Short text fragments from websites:

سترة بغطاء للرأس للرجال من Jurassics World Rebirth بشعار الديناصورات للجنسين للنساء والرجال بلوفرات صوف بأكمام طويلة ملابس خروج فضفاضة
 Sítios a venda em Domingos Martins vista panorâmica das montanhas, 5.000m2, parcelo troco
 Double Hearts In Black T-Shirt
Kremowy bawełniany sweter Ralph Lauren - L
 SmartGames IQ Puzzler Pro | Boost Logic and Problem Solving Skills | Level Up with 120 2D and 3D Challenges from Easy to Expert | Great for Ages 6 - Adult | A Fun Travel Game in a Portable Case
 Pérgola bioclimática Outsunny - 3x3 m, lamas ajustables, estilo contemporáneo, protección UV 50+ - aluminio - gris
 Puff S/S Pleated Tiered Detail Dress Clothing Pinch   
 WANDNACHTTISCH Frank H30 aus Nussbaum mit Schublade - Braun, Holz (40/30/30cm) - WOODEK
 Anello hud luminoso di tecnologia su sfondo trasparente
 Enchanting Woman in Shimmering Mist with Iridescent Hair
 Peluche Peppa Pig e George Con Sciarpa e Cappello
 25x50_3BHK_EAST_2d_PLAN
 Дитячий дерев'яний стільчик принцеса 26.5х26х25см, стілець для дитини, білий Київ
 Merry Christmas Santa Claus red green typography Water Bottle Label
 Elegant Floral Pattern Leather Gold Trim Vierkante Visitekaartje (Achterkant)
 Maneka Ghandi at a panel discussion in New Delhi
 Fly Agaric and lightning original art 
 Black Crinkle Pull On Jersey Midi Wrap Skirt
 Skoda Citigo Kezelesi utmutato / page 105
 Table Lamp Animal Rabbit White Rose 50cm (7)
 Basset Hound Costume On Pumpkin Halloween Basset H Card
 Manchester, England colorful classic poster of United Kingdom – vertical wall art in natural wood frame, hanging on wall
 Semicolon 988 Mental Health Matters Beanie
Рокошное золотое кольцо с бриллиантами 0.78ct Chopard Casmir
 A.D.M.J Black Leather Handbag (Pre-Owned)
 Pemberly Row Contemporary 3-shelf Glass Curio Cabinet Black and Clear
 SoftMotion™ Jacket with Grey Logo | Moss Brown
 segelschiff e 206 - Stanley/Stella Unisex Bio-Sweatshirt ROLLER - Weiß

## WHAT THE TASK ASKS
Say how many of the lines above include the word "Black", giving the figure alone.

## ANSWER BOX
4